Dataset content START
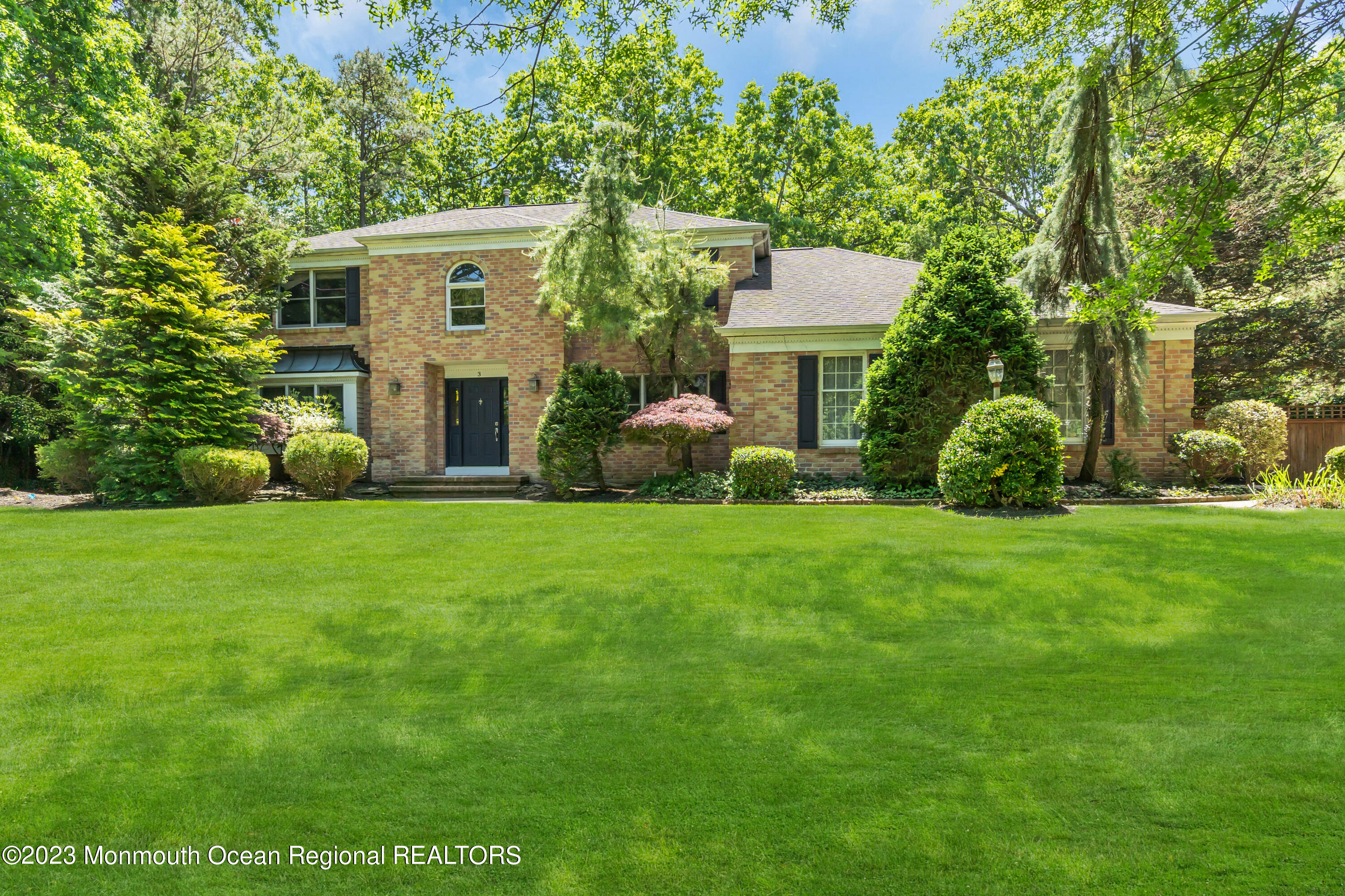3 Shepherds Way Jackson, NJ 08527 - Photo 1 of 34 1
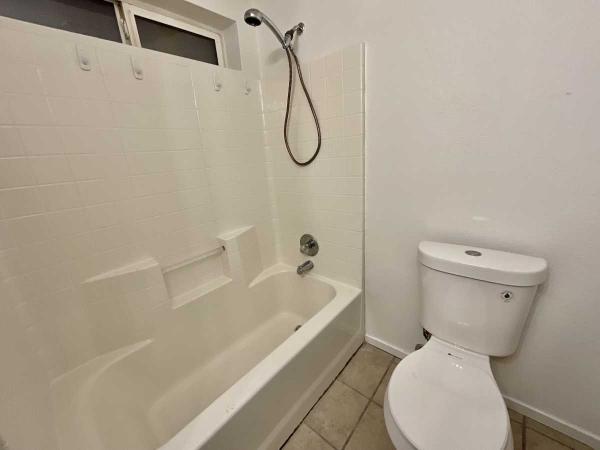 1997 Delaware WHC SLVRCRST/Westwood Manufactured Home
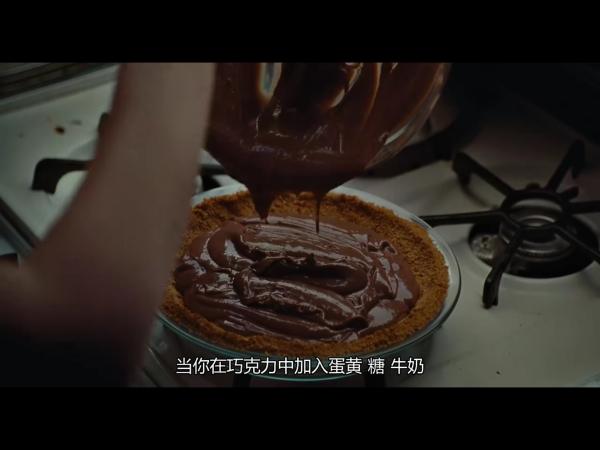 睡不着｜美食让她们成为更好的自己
Dataset content END
Dataset content START
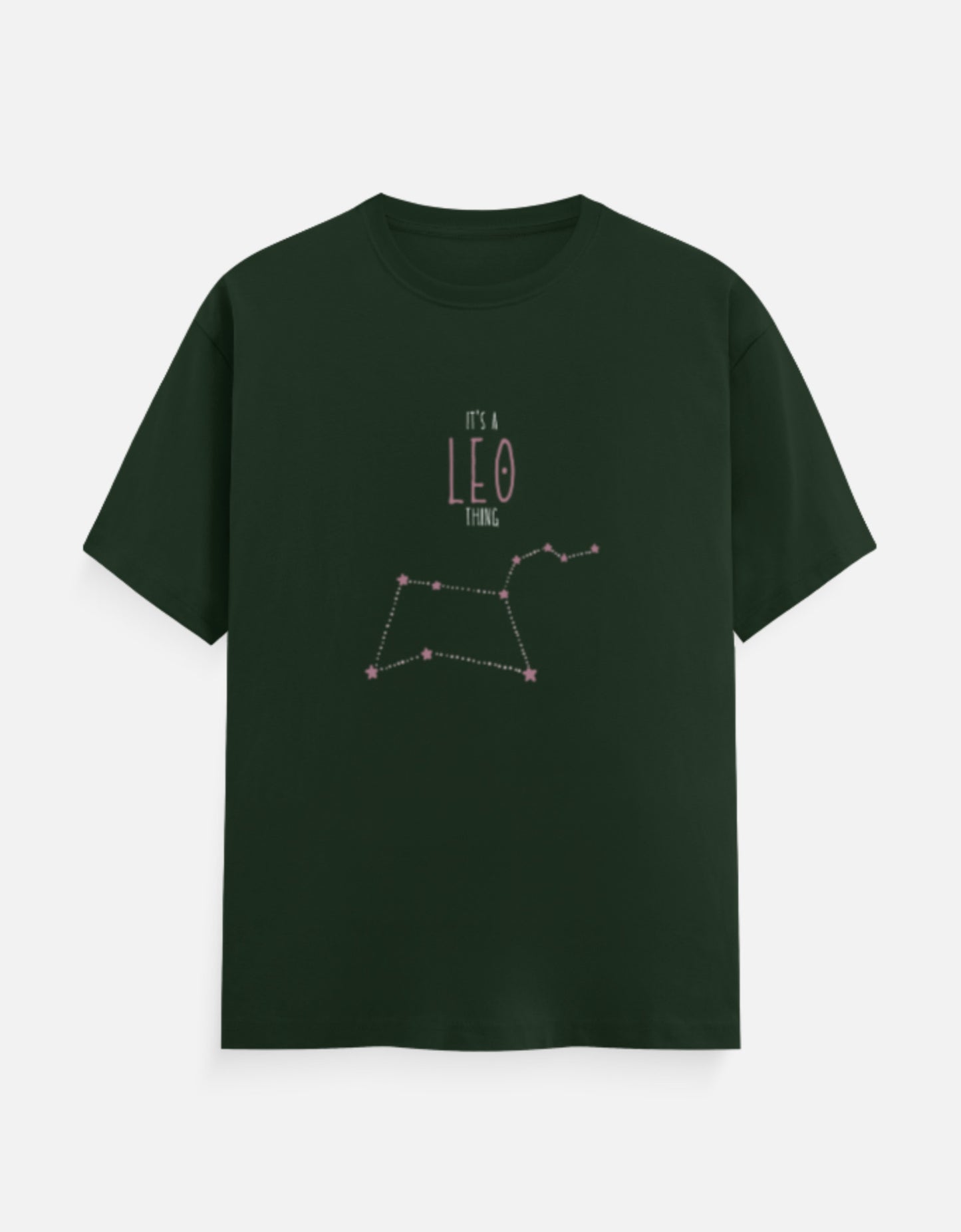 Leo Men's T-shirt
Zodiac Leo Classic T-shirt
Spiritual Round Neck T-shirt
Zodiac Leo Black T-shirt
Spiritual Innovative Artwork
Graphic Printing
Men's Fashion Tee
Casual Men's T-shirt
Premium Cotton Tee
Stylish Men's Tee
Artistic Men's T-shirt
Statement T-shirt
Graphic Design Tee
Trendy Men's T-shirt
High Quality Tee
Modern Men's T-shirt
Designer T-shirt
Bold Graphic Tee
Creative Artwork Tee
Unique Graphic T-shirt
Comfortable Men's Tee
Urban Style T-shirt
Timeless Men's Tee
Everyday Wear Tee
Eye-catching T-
Dataset content END
**What is being asked:** Say how many lines in the data hold the string "Zodiac". No other content should accompany the number.

**Response for this exercise:** 2